El pasado mes de octubre, durante un blogtrip a Bolivia con motivo de la celebración en La Paz de un evento sobre turismo e indigenismo, las autoridades locales nos agasajaron a todos los participantes con una cena en un escenario espléndido: el patio del Museo Nacional de Etnografía y Folklore, que tiene su sede en el espléndido Palacio de los Marqueses de Villaverde.
Evidentemente, se trata de un edificio colonial de 1730, declarado Monumento Nacional en 1930 y reaprovechado para ubicar en su interior una importante colección de trajes, máscaras, cerámica y numismática, tanto del período prehispánico como del posterior hasta nuestros días y que los blogueros españoles invitados tuvimos el privilegio de ver en una rápida visita nocturna a puerta cerrada.
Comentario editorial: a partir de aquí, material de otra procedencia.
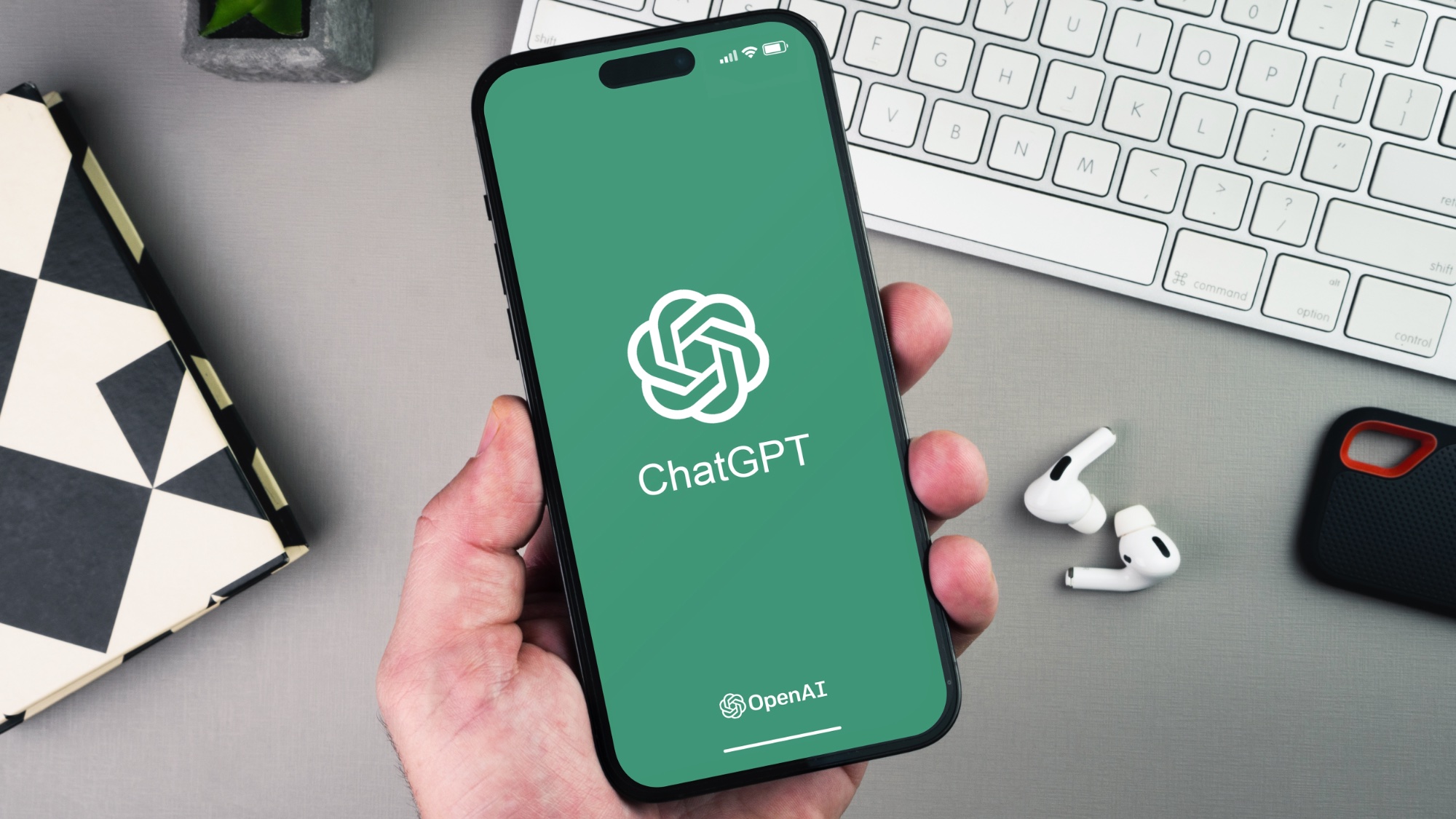 Стоит ли вообще платить за ChatGPT. Теперь бесплатный ChatGPT — это топчик. Фото.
Pero no es del museo de lo que quería hablar hoy, ni de sus piezas. Ni siquiera de la cena que disfrutamos luego, amenizada por un popular músico boliviano. El objetivo de este post es comentar una de las delicias del país, una bebida típica que se sirvió en vasos a la llegada, a manera de recepción, para ir haciendo boca durante los discursos protocolarios y el pequeño espectáculo de danzas carnavalescas de Oruro que se representó en el precioso patio principal.
Me refiero al singani, un aguardiente obtenido a partir de la destilación de la uva moscatel de Alejandría. Hay que tener en cuenta el cultivo vinícola se introdujo en Bolivia a partir del descubrimiento y explotación de las minas de Potosí y que, sin embargo, dadas las dificultades que presentaban la orografía y el clima, se optó por sustituir la producción de vino por destilados.
El singani está considerado la bebida nacional boliviana por excelencia, dado que la chicha es igualmente característica pero no es exclusiva del país y su consumo se extiende por toda América del sur e incluso Central. Tiene Denominación de Origen, por lo que su elaboración debe atenerse a una rígida normativa que incluye la obligatoriedad de producirse a un mínimo de 1.650 metros de altitud sin se trata del llamado Gran Singani, por ejemplo. El primer producto, fermentado en cubas y destilado en alambiques con temperaturas estrictamente controladas para impedir que se pierda el aroma, alcanza unos 70º pero luego se ajusta con agua.
Ese licor, originario de los valles de Tarija, Chuquisaca y Potosí, se puede tomar solo o como parte alcohólica de cócteles. Según explicaron los camareros, lo que nos sirvieron era uno llamado chuflay, que lleva un cuarto de singani, hielo y ginger ale, decorado con una rodaja de limón. Tenía un nítido color amarillo, parecido al del orujo de hierbas, cierta gasificación resultante de su combinación con la citada ginger ale y un sabor dulce pero fuerte.
El chuflay se asocia históricamente a los trabajadores ferroviarios, que lo popularizaron a caballo de los siglos XIX y XX como una versión del combinado favorito entonces de los ingenieros ingleses, que mezclaba ginebra y ginger ale sustituyendo la primera por singani ante la dificultad de su importación.
De hecho, chuflay es una palabra que derivaría del nombre original, short fly, que se usaba para referirse a los atajos (en este acaso, en alusión a la rapidez con que embriagaba). Al menos eso dice una de las teorías puesto que, como es habitual, hay otras. Es el caso de la que sitúa la expresión original en sure fly (vuelo seguro), aunque en el fondo el sentido es el mismo.
Elijan la que quieran pero, si se deciden a probar el chuflay, recuerden la receta: mitad de singani, mitad de ginger ale (o gaseosa), una rodaja de limón y un par de cubitos de hielo.